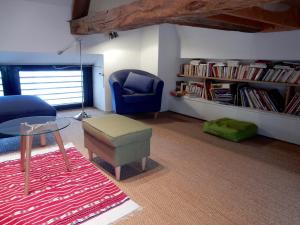 a living room with a chair and a table and a book shelf at Le Petit Vigneau in Ménil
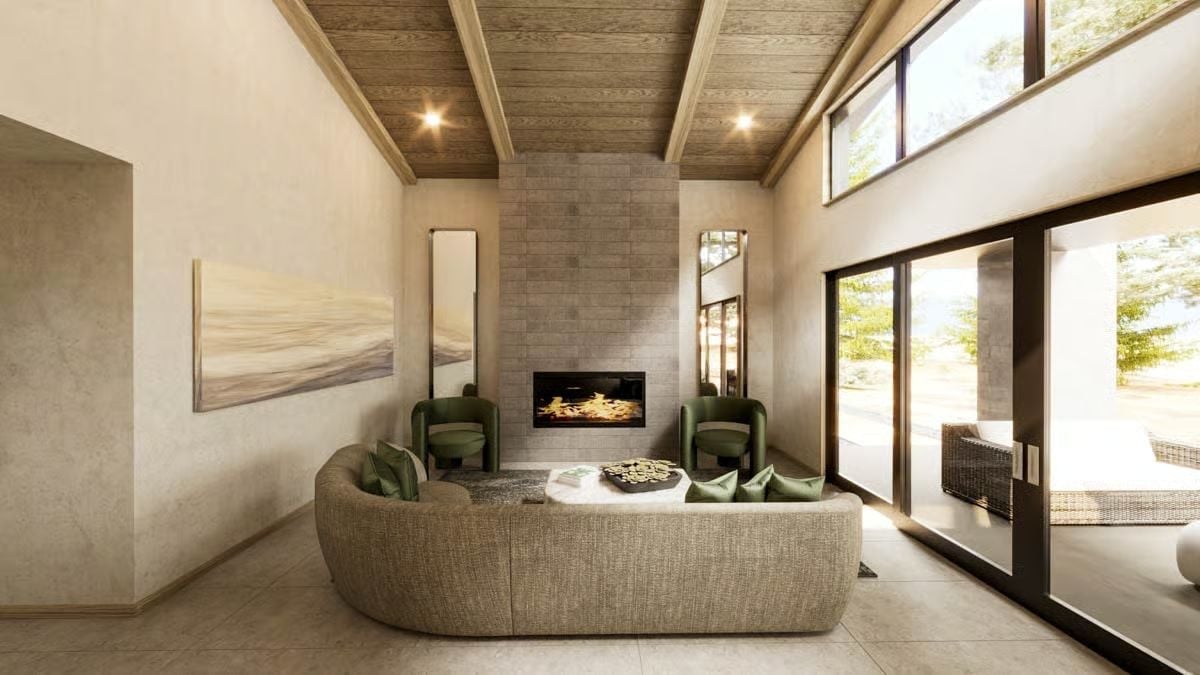 Stone Surround, Green Velvet Chairs, and a Sofa That Curves Like It Means It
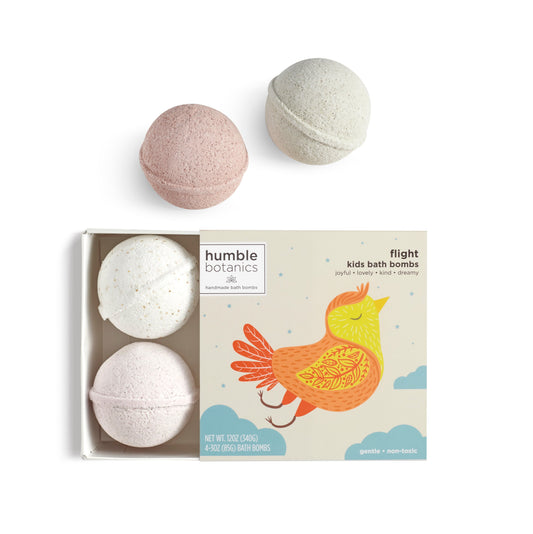 A colorful bath bomb for kids gift set featuring four 3oz fizzers and a whimsical box with a bird illustration, handmade by Humble Botanics.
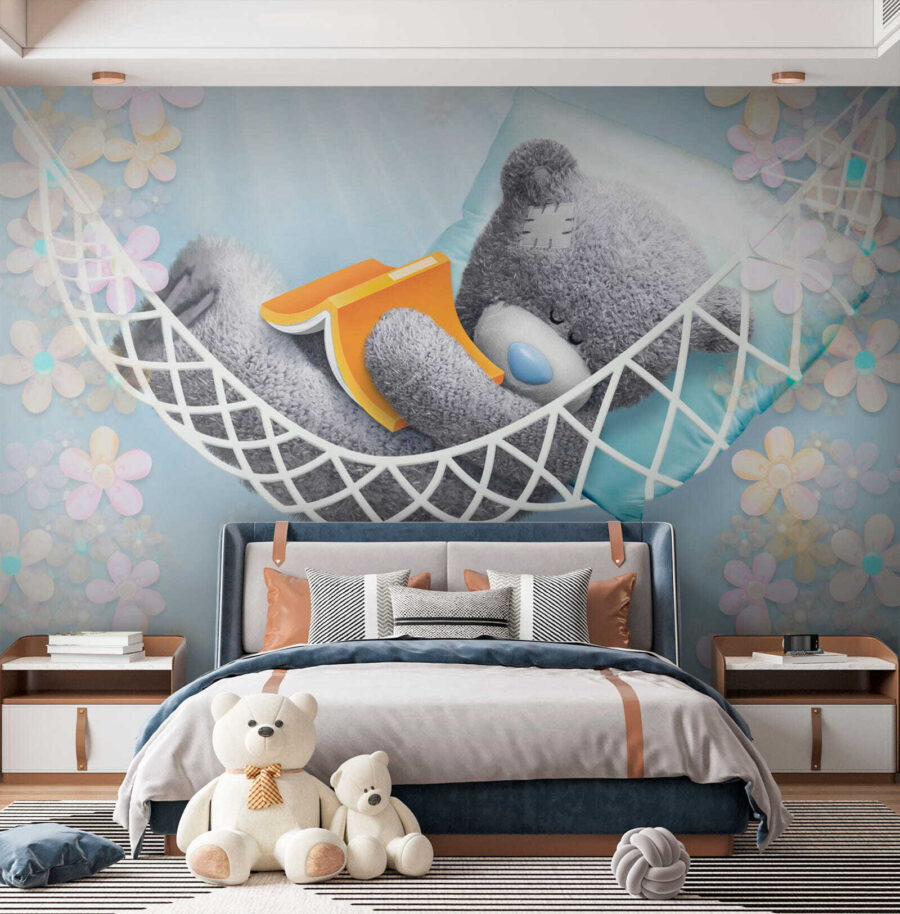 Teddy bear sleeping in a hammock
• • •
■ Work required ■
The data is to be printed again exactly, but without its pictures.

■ Task answer ■
 a living room with a chair and a table and a book shelf at Le Petit Vigneau in Ménil
 Stone Surround, Green Velvet Chairs, and a Sofa That Curves Like It Means It
 A colorful bath bomb for kids gift set featuring four 3oz fizzers and a whimsical box with a bird illustration, handmade by Humble Botanics.
 Teddy bear sleeping in a hammock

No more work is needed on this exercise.